It has been about two months since I suffered a traumatic brain injury from a freak automobile accident. In the days immediately following the accident, I mostly grappled with the pain from my missing and abraded skin and the crack at the back of my skull. I had damaged the occipital plate and had bleeding in the region of the brain that normally affects vision.
In short order, I began noticing minor issues that had never affected me before. My hearing, mainly on the left side of my head, was different. I could still hear other people talking, but my own sounds, my speaking voice, my breathing, etc. seemed to be about 30 percent louder. This took some time to get used to. It also had the unintended side effect of making me want to speak less and listen more.
However, the most aggravating effects have been with my word recall. Prior to the accident, and for my entire life, I’ve had an easy facility with language. I was reading at the age of four and got a 36 on the reading comprehension part of my ACT. This was a gift I was born with. Imagine my frustration to see an object and attempt to verbalize what that object is – but wrongly. Not majorly wrong, always close, but incorrect, nonetheless.
For example, I was shopping with a friend a Goodwill store and was headed to a bench to sit at. I told them I would be waiting for them at the booth. Booth and bench both are places to sit, both have five letters, both start and end with the same letter. But it was a bench. The word that came out was wrong. Close, but no cougar. Cigar I mean. You get the idea.

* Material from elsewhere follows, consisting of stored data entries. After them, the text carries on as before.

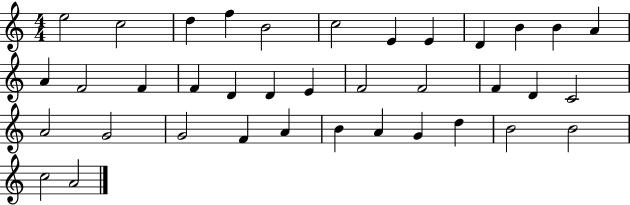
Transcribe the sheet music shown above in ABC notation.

X:1
T:Untitled
M:4/4
L:1/4
K:C
e2 c2 d f B2 c2 E E D B B A A F2 F F D D E F2 F2 F D C2 A2 G2 G2 F A B A G d B2 B2 c2 A2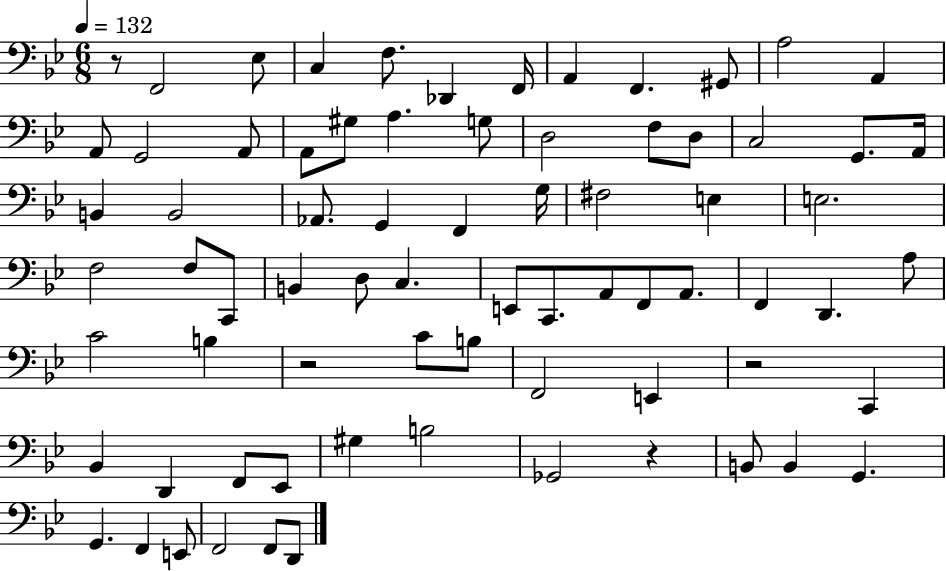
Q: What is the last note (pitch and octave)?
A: D2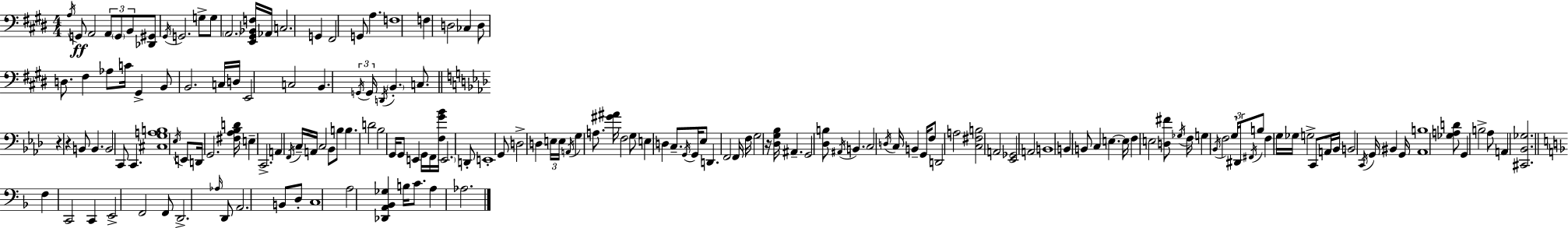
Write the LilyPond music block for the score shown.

{
  \clef bass
  \numericTimeSignature
  \time 4/4
  \key e \major
  \acciaccatura { a16 }\ff g,8 a,2 \tuplet 3/2 { a,8 \parenthesize g,8 b,8 } | <des, gis,>8 \acciaccatura { gis,16 } g,2. | g8-> g8 \parenthesize a,2. | <e, gis, bes, f>16 aes,16 c2. g,4 | \break fis,2 g,8 a4. | f1 | f4 d2 ces4 | d8 d8. fis4 aes8 c'16 gis,4-> | \break b,8 b,2. | c16 d16 e,2 c2 | b,4. \tuplet 3/2 { \acciaccatura { g,16 } g,16 \acciaccatura { d,16 } } \parenthesize b,4.-. | c8. \bar "||" \break \key aes \major r4 r4 b,8 b,4. | b,2 c,8 c,4. | <cis g a b>1 | \acciaccatura { ees16 } e,8 d,16 g,2. | \break <fis aes bes d'>16 e4-- c,2.-> | a,4 \acciaccatura { f,16 } c16-- a,16 c2 | bes,8 b8 b4. d'2 | bes2 g,16 g,8 e,4 | \break g,16 f,16 <f g' bes'>16 \parenthesize e,2. | d,8-. e,1-. | g,8 d2-> d4 | \tuplet 3/2 { e16 e16 \acciaccatura { a,16 } } g4 a8. <gis' ais'>16 f2 | \break g8 e4 d4 c8.-- | \acciaccatura { g,16 } g,16 ees8 d,4. f,2 | f,16 f16 g2 r16 <des g bes>16 ais,4.-- | g,2 <des b>8 \acciaccatura { ais,16 } b,4. | \break c2 \acciaccatura { d16 } c16 b,4-- | g,16 f8 d,2 a2 | <c fis b>2 a,2 | <ees, ges,>2 a,2 | \break b,1 | b,4 b,8 c4 | e4.~~ e16 f4 e2 | <d fis'>8 \acciaccatura { ges16 } f16 g4 \acciaccatura { bes,16 } f2 | \break \tuplet 3/2 { g16 dis,16 \acciaccatura { fis,16 } } b8 f4 g16 ges16 g2-> | c,8 a,16 bes,16 b,2 | \acciaccatura { c,16 } g,16 bis,4 g,16 <aes, b>1 | <ges a d'>8 g,4 | \break b2-> aes8 a,4 <cis, bes, ges>2. | \bar "||" \break \key f \major f4 c,2 c,4 | e,2-> f,2 | f,8 d,2.-> \grace { aes16 } d,8 | a,2. b,8 d8-. | \break c1 | a2 <des, a, bes, ges>4 b16 c'8. | a4 aes2. | \bar "|."
}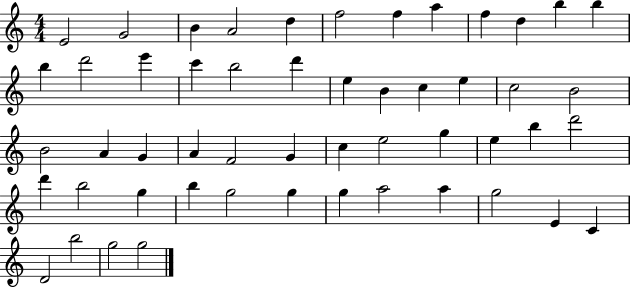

I also have lost words. In another example, I was riding as a passenger in my friend’s truck. I couldn’t pull out the word for the engine compartment cover. The only words I could find were dashboard and windshield. Neither was right. Hood. My friend called it a hood and I remembered it. So frustrating.
I have even called my dogs by different names – by mixing my Lab’s name with my Doberman’s name and vice-versa. I have caught myself doing this again and again. This reminds me of ordinary cognitive decline among the elderly.
My mom started doing this very same thing with my brother and sister’s name in her 40’s. Like bench and booth, they are Stephanie and Stephen. Mind you in her case, they are completely different genders (Not quite the same as both being places to sit) Part of me wonders if I haven’t aged prematurely because of the accident. I’m 48 years old – the same age that my mom started showing signs of this – but prior to my accident, I never struggled with such issues.
The funniest example of this involved a time I told my mom a joke about Alzheimer’s disease. (At 48, I know that the disease isn’t funny, my mindset was different in my early 20’s when I told her the joke) She called me one day to tell me that she tried relaying the joke to her friends in her retirement community. Verbatim she said, “My son Christopher told me a funny joke about Alzheimer's.” Her friends asked “Well, what is it Marie?” to which she aptly responded, honestly, yet accidentally “I don’t remember.” She had forgotten my joke about Alzheimer's in her attempt to retell it.
Candidly, what happened between her, and her friends was much, much funnier than my joke. Once again, spontaneous humor and Mother Nature had bested me.
Note – As a point of interest, in the process of writing this I struggled to spell the word humorous and finally resolved to use spell-check to find the correct spelling.